(All photos courtesy of Lake Michigan Whale Migration Station. No claims are made for their accuracy.)

The volunteers at the Traverse City Visitor Center can almost always come up with advice for baffled tourists who need directions. However, one question consistently leaves them speechless.

It’s the one about whale-watching tours.

Several times a year, people wander in asking about the best places to view migrating whales, or wanting to know what companies offer the best whale-watching cruises. Even though Traverse City is on Lake Michigan, nearly 800 miles from the nearest salt water, its long sandy beaches and maritime flavor sometimes make visitors think they’re at the ocean.

Those confused tourists may also have been looking at the Facebook page of the Lake Michigan Whale Migration Station with its evocative photographs of humpbacks, orcas, blue whales, belugas and other cetaceans cavorting in West Grand Traverse Bay, swimming past the Sleeping Bear Dunes and surprising kayakers and cruise boats.

The station, which purports to be based on Beaver Island, is followed by more than 7,000 viewers, many of whom enjoy contributing their own stories about whale sightings and encounters, as well as helpful tips about the habits and peculiarities of freshwater whales.

Humpback near North Manitou
Humpback near North Manitou Island

“I've heard they may arrive early for mating season this year and can still be seen in West Bay near Power Island,” writes Traverse City resident Mary Sue Christian. “Should we be concerned about how the noise of the jets at Cherry Festival could affect these magnificent creatures?”

“I'm an old Northern Michigan native and the best whale watching season is winter,” writes Traverse City’s Mary Beth Wakulat. “The Common Ice Whale loves to breach through the ice, then belly flop and skid a few hundred feet before its weight collapses the ice, and he resumes under-ice swimming until the next breach. It's a special treat if there are ice fishermen nearby with tantalizing bait buckets.”

Newcomers to the site, on the other hand, often include angry “whale deniers” who insist with rising and sometimes belligerent frustration that only fools and scoundrels would discuss the idea of whales in the Great Lakes as if it were a serious question. A few even submitted the issue to Snopes.com, debunkers of urban legends, which investigated the issue last summer and pronounced that stories of whales in Lake Michigan are the result of “mistakes, pranks and hoaxes.”  

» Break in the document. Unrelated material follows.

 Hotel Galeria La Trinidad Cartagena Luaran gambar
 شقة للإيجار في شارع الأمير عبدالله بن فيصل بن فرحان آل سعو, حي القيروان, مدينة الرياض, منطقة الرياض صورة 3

Actually, people have been talking about whales and other large creatures in Lake Michigan for a long time. In the summer of 1907, for instance, Traverse City was abuzz with stories about a large mammal -- witnesses thought it might be a large seal or walrus -- swimming in West Grand Traverse Bay. For years, sea serpents, whales and other leviathans were reported so regularly in Grand Traverse Bay that the locals finally were instructed to ignore them.

“It became necessary for Traverse City to go out of the sea serpent business years ago,” Jay Smith, editor of the Traverse City Record-Eagle, wrote in a 1948 column. “The bay got so full of them and people saw so many of them that summer guests started going to places where there were no monsters. They darn near ruined this community as a vacation center. So, if you hear of any reports in the Bay or see one, keep it to yourself. We don’t want to scare our visitors away.”

Things got going again in 1985 when a pair of Chicago musicians announced they were embarking on the “first annual Great Lakes Whale Watch” on the schooner Charlotte Ann and began offering tips about how to spot the lakes’ notoriously shy and secretive whales. In 2002, a website emerged offering whale-watching tours along Michigan’s southern coast.

 “As winter turns to spring and the cool waters of the lake are warmed by the sun, the freshwater sperm whales and dolphins begin their annual southbound 1,300-mile journey from Hudson Bay,” it read. “Although there are a number of locks at Sault Ste. Marie, these beautiful and intelligent creatures forge a faster route through nearby streams, and by mid-June, they have reached the breeding grounds of southern Lake Michigan that they know as their "summer home."

West Bay Orca Pod before August storm
Pod of orcas in West Bay just before the August storm

Although it was possibly intended to be tongue in cheek, some of the information was picked up in 2002 by a researcher for Michigan Studies Weekly, a newspaper distributed to Michigan teachers -- many of whom relayed it to their students. That was how the issue came to the attention of Ron Jolly at radio station WTCM in Traverse City. He got a call at the station from a student who was researching whale-watching tours in Traverse City.

In the summer of 2014, a group of local friends set up the Lake Michigan Whale Migration Station site. The Migration Station has attracted its share of equally passionate fans and detractors.

Meanwhile, volunteers at the Traverse City Visitor Center have learned to be diplomatic about the controversy, wishing to spare the feelings of both whale-believers and whale-deniers. Captains of local fishing and sightseeing boats likewise insist that they’re keeping an open mind on the subject -- except for their concern that the whales may eat too many fish.